The British gas industry was nationalised under the provisions of the Gas Act 1948 (11 & 12 Geo. 6. c. 67) which established the Gas Council with effect from 1 May 1949. The council acted as channel of communication between the Minister of Fuel and Power and the industry; it carried out research; undertook labour negotiations on matters such as wages; and acted as the voice of the gas industry.

The Gas Council was abolished on 31 December 1972 under the terms of the Gas Act 1972 (c. 60). This restructuring of the gas industry, to manage the advent of North Sea gas, established the British Gas Corporation to centralise control and operation of the industry.

== Background ==
Prior to nationalisation there were about 1,064 gas supply undertakings in Britain; about one-third were municipal local authority undertakings and about two-thirds were company undertakings.

In June 1944 the Minister of Fuel and Power appointed a committee of inquiry under the chairmanship of Geoffrey Heyworth to review the structure and organisation of the industry and advise on changes to develop and cheapen gas supplies. The committee reported in November 1945 and recommended the compulsory purchase by the government of all undertakings and the creation of ten regional gas boards. The Heyworth Committee report formed the basis of the Gas Act 1948.
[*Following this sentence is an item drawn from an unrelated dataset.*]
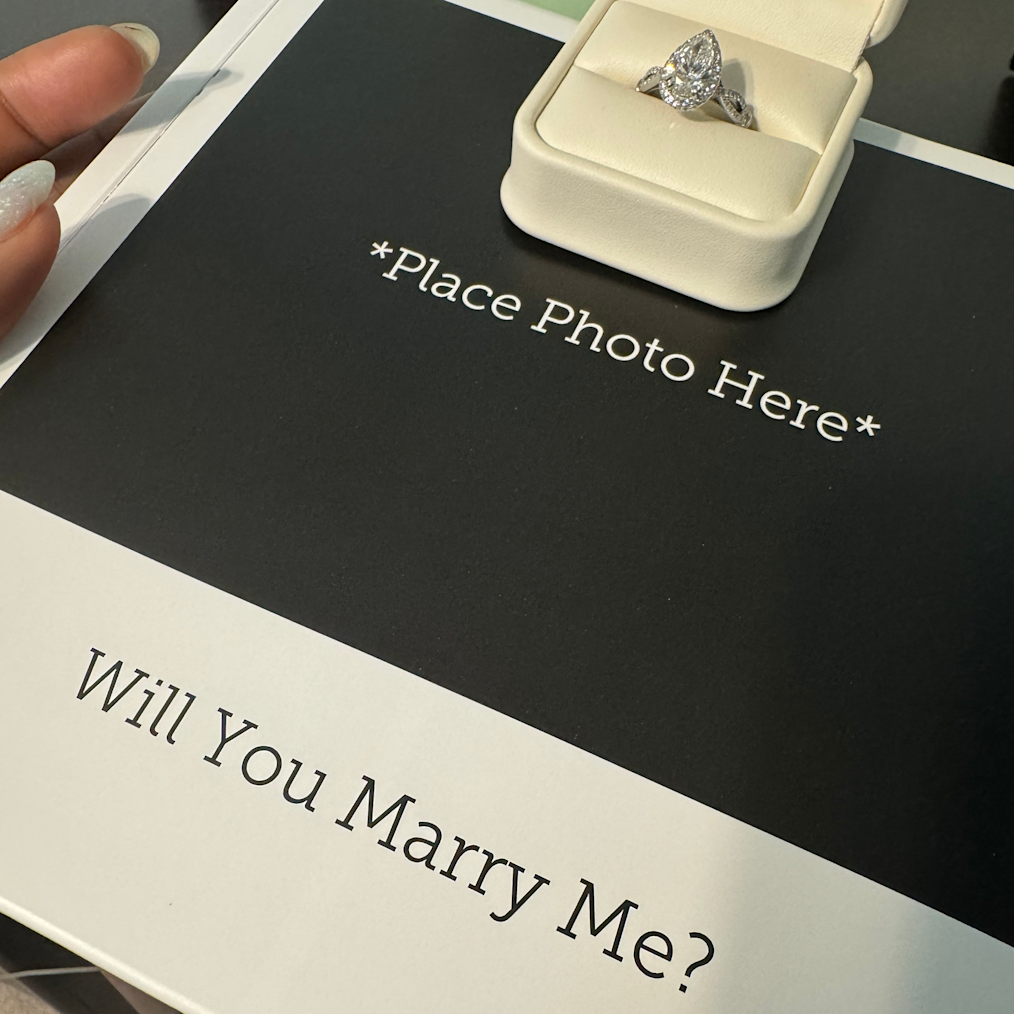 A close up of Vanessa’s pear shaped engagement ring atop of the custom book.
The Gas Act 1948 was one of a number of acts promulgated by the post-war Labour government to nationalise elements of the UK's industrial infrastructure; other Acts include the Coal Industry Nationalisation Act 1946; the Transport Act 1947 (railways and long-distance road haulage); the Electricity Act 1947; and the Iron and Steel Act 1949.

The industry was fragmented with limited cooperation and coordination between undertakings. The exception were some industry-wide bodies with an interest in aspects of the industry. These included the National Gas Council which was established in 1916 to deal with matters that affected the whole of the industry, it included representatives of all the governing bodies. The British Commercial Gas Association was founded in 1912 and served as the publicity agency for the industry. There was also the National Federation of Gas Coke Associations, the Federation of Gas Employers, and the Association of Gas Corporations. The British Gas Federation was established in 1934 to represent collective interests of the council and association. In 1943 the industry proposed the establishment of the British Gas Council amalgamating the two existing bodies. The new organisation was established in 1946 as a company limited by guarantee. It represented 95 percent of the gas suppliers in Britain. It was chaired by Sir Edgar Sylvester (later chairman of the Gas Council) and its aim was to oppose nationalisation. The Gas Council, under Section 62 of the 1948 act, took over these bodies. Under section 2 of the Gas (Allocation of Undertakings to Area Boards and Gas Council) Order 1949 (SI 1949/742), it also took over the North Western Gas Corporation, a gas holding company that had been formed in 1947 to take over the town gas interests of the General Gas and Electricity Company.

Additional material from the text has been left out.